Looking forward to two decades of economic hard times, the government plans to syphon 100 billion rubles ($3 billion) from the National Welfare Fund in 2014 for loans to small and medium businesses.
First Deputy Prime Minister Igor Shuvalov also promised a two-year tax break for small businesses in the near future, speaking at a business forum organized by Opora Rossii, a business lobby group, and the Agency for Strategic Initiatives, a government-linked think-tank, this week, Kommersant reported Thursday.
Shuvalov predicted that 10 percent to 15 percent of the loans would not be returned, which he called a "natural situation." The favored mechanism for the scheme would be to transfer the sum to the state-owed Vneshekonombank, which would then either make the loans or distribute them to other middleman-banks that would be obligated to extend seven-year loans with a yearly interest rate of up to 10 percent.
Eager to force the stimulus through to the real economy, the government said it would secure loans for the sum of up to 15 billion rubles ($453 million), Shuvalov said.

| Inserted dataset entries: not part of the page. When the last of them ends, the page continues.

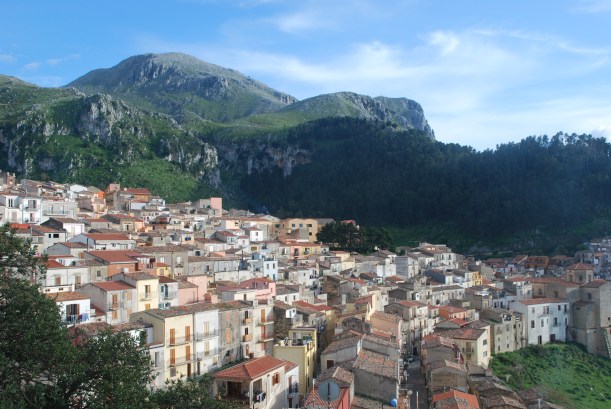 Saro then took us on a drive through the Medonie Mountain Range.  The whole drive was spectacular!  This little mountain town was so beautiful in the afternoon sun.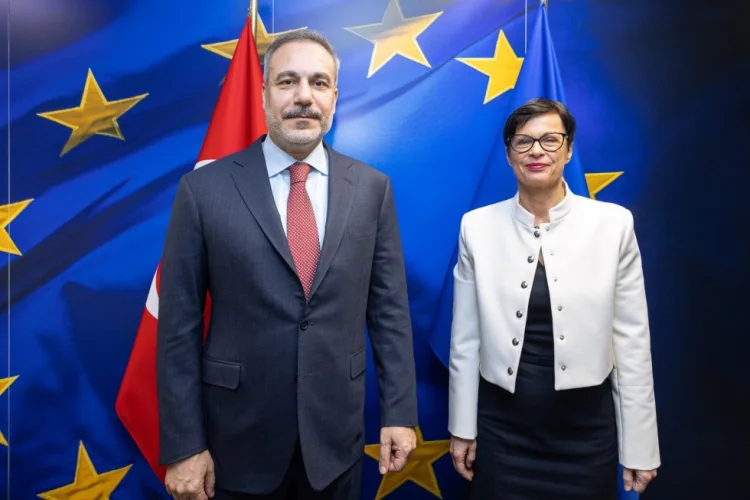 Aİ məmurları Fidanla İrəvan-Bakı sülh sazişini müzakirə edib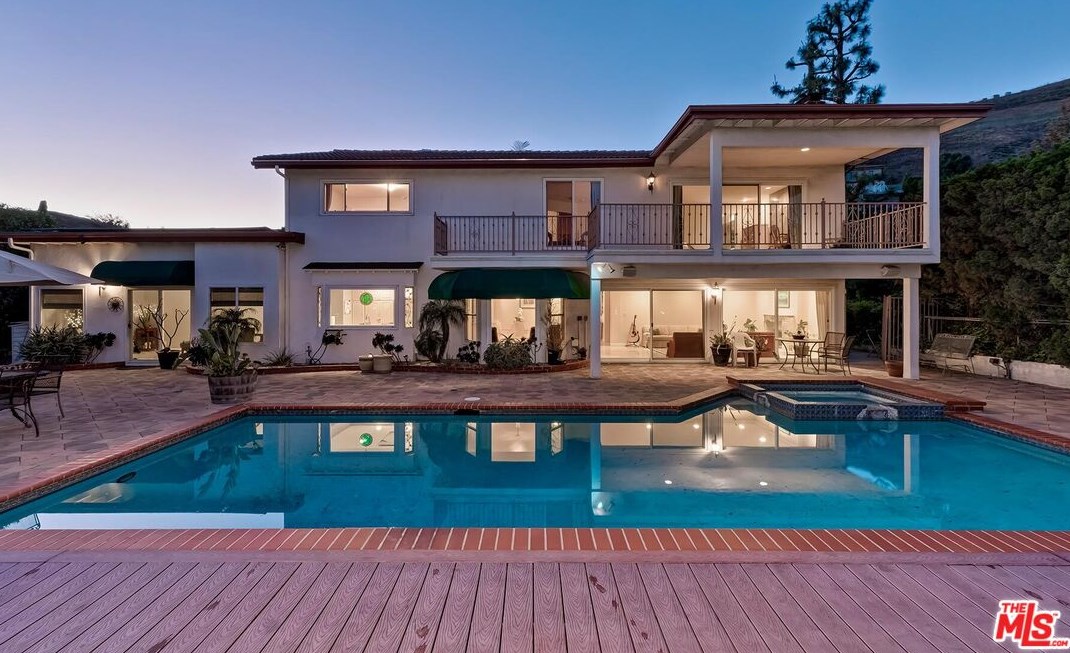 2721 Lake Hollywood Dr, Los Angeles CA  90068-1630 exterior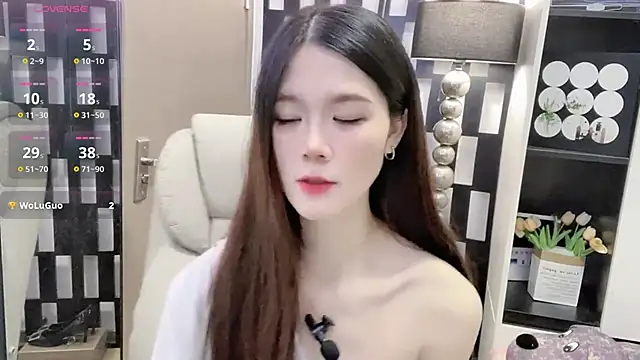 Yueyue-MM online show from November 2025 02:45:02 PM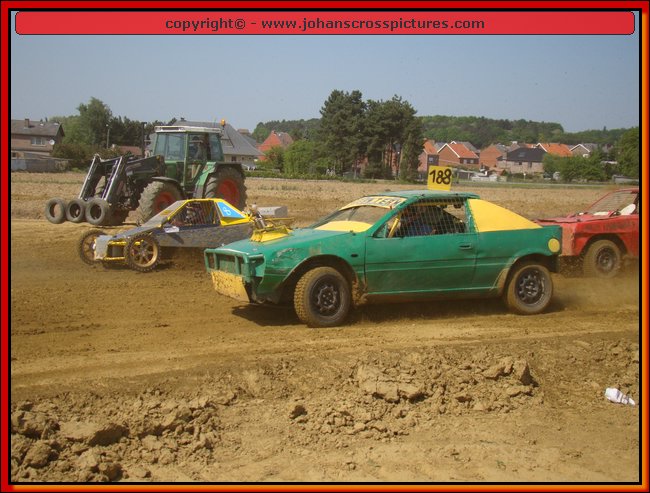2011BEK-AX-009.JPG
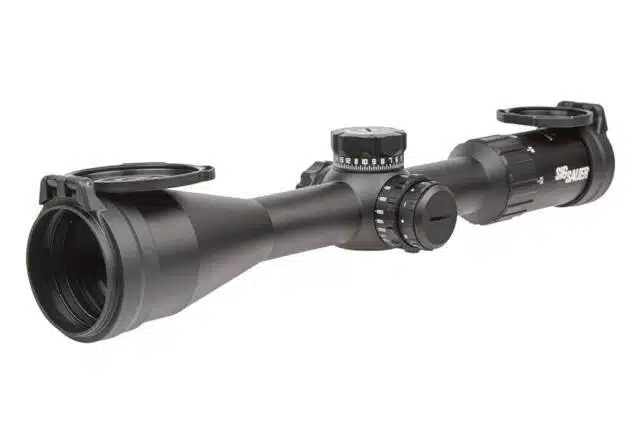 High-Performance Black Rifle Scope with fast-focus eyepiece for precision aiming and optimal light transmission.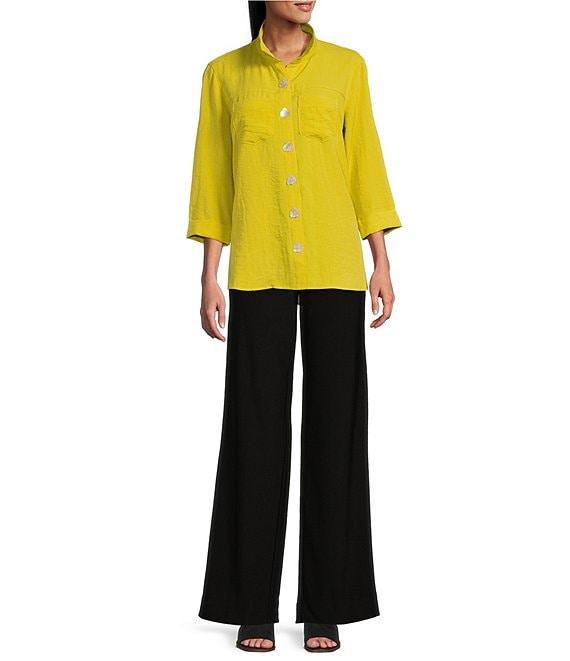 John Mark Solid Woven 3/4 Sleeve Wire Collared Button Front Patch Pocket Camp Shirt Product Image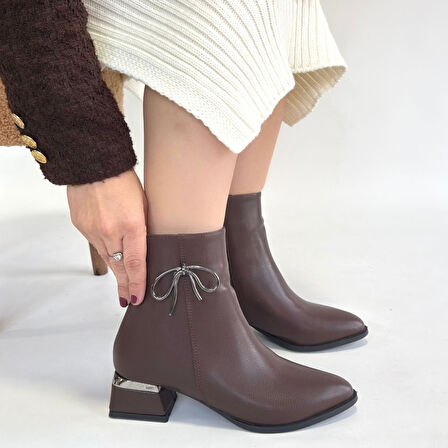 Sivri Burun Yandan Fermuarlı Topuklu Bot Kahverengi Topuk Boyu 3 Cm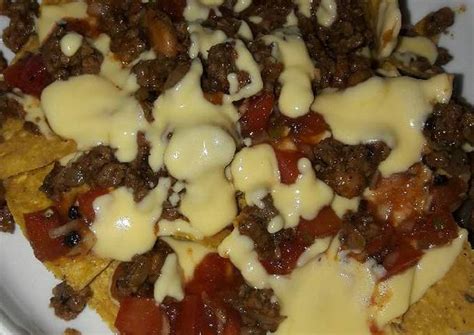 Cheesy Beef Nachos Recipe By Jv Lim Cookpad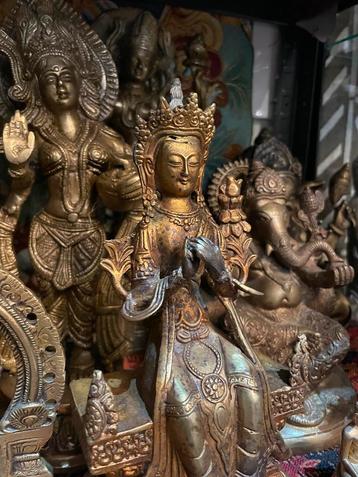 Veel soorten Boeddhistische en Hindoeïstische beelden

The realization of the measure is still not in the bag, however. Before they are given the final green light, Shuvalov said that a mechanism to ensure the transparent distribution of the funds must be approved.
Finance Minister Anton Siluanov earlier opposed the idea of using the National Welfare Fund — an oil revenue piggybank conceived as a backstop to the pension system — calling it risky. Small businesses currently owe 6 trillion rubles ($181 billion) to banks, and 10 percent of that sum is overdue.